Summary of the invention

The embodiment of the present invention provides a kind of booster converter, in order to reduce electric energy loss.

A kind of booster converter, comprising: tri-lever boosting circuit, the first switching device and second switch device, wherein:

Described first switching device is parallel to the two ends of the first diode in described tri-lever boosting circuit; The On-resistance of described first switching device is less than the On-resistance of described first diode;

Described second switch device is parallel to the two ends of the second diode in described tri-lever boosting circuit; The On-resistance of described second switch device is less than the On-resistance of described second diode.

Beneficial effect of the present invention comprises:

In the scheme that the embodiment of the present invention provides, on the basis of existing tri-lever boosting circuit, increase the two ends that two switching devices are parallel to two diodes in tri-lever boosting circuit respectively, when circuit working is in the state of input voltage higher than output voltage, control two switching devices and close, the On-resistance due to switching device is less than the On-resistance of diode, therefore, compared to prior art, can electric energy loss be reduced, improve circuit efficiency.

Accompanying drawing explanation

Accompanying drawing is used to provide a further understanding of the present invention, and forms a part for specification, is used from explanation the present invention, is not construed as limiting the invention with the embodiment of the present invention one.In the accompanying drawings:

Fig. 1 is the schematic diagram of tri-lever boosting circuit in prior art;

The schematic diagram of the booster converter that Fig. 2 provides for the embodiment of the present invention;

The schematic diagram of the booster converter that Fig. 3 provides for the employing embodiment of the present invention 1;

One of schematic diagram of the booster converter that Fig. 4 provides for the employing embodiment of the present invention 2;

The schematic diagram two of the booster converter that Fig. 5 provides for the employing embodiment of the present invention 2;

One of schematic diagram of the booster converter that Fig. 6 provides for the employing embodiment of the present invention 3;

The schematic diagram two of the booster converter that Fig. 7 provides for the employing embodiment of the present invention 3.

Embodiment

In order to provide the implementation reducing electric energy loss, embodiments provide a kind of booster converter, in conjunction with Figure of description, the preferred embodiments of the present invention are described, be to be understood that, preferred embodiment described herein, only for instruction and explanation of the present invention, is not intended to limit the present invention.And when not conflicting, the embodiment in the application and the feature in embodiment can combine mutually.

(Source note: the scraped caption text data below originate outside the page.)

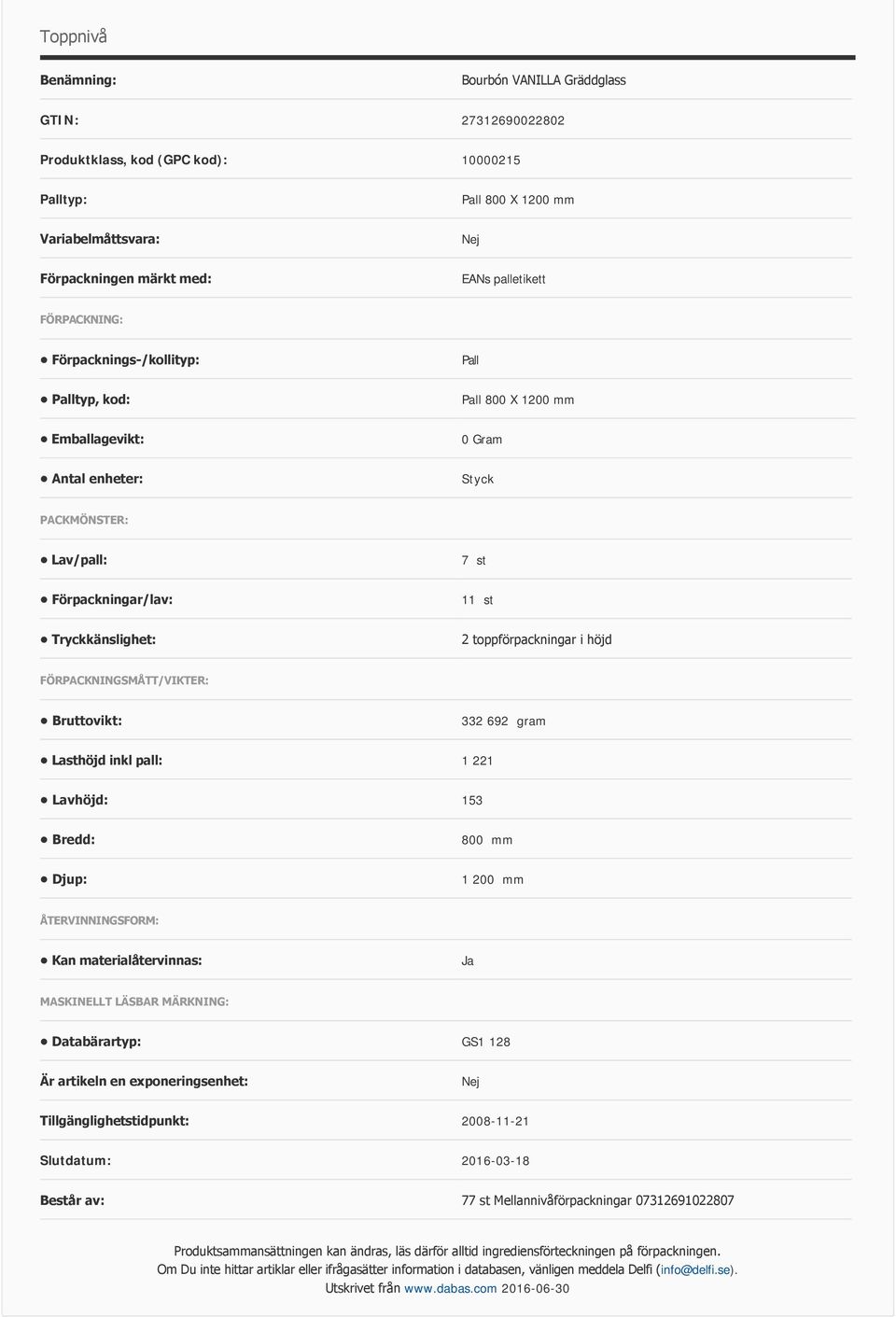 toppförpackningar i höjd FÖRPACKNINGSMÅTT/VIKTER: Bruttovikt: 332 692 gram Lasthöjd inkl pall: 1 221 Lavhöjd: 153 Bredd: 800 mm Djup: 1 200 mm ÅTERVINNINGSFORM: Kan materialåtervinnas: MASKINELLT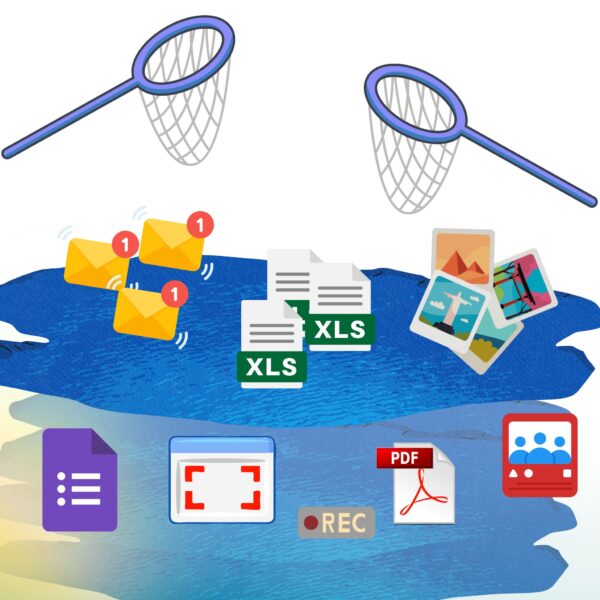 Illustration of unstructured data types—emails, spreadsheets, images, and PDFs—floating in a data lake with fishing nets above.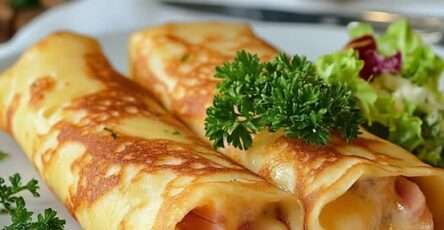 Crêpes roulées au jambon et fromage gratinées au four avec une garniture dorée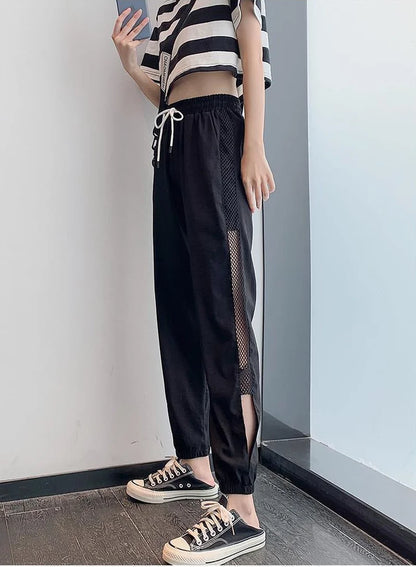 Woman Cropped Trousers Ice Silk Summer Sweat Home Sports Pants for Women Joggers Jogging Fashion Harem Sarouel Sweatpants Ripped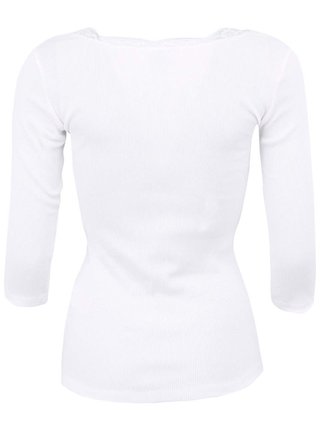Biele farebné tričko s 3/4 rukávom VERO MODA Lena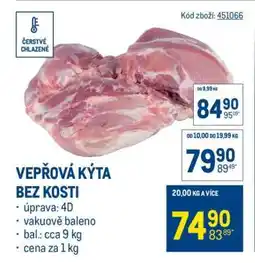 Makro Vepřová kýta bez kosti nabídka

Embodiments provide a kind of booster converter, as shown in Figure 2, comprise tri-lever boosting circuit, the first switching device S1 and second switch device S2, wherein:

First switching device S1 is parallel to the two ends of the first diode D1 in tri-lever boosting circuit; The On-resistance of the first switching device S1 is less than the On-resistance of the first diode D1;

Second switch device S2 is parallel to the two ends of the second diode D2 in tri-lever boosting circuit; The On-resistance of second switch device S2 is less than the On-resistance of the second diode D2.

In an embodiment of the present invention, arbitrary described switching device is specifically as follows relay switch; In an alternative embodiment of the invention, arbitrary described switching device also can be specifically contactless contactor.Relay switch and contactless contactor are only two examples, it is the switching device that two conventional On-resistances are less than diode On-resistance, be not intended to limit the present invention, other On-resistance is less than the switching device of diode On-resistance also can as the specific implementation of booster converter breaker in middle device provided by the invention.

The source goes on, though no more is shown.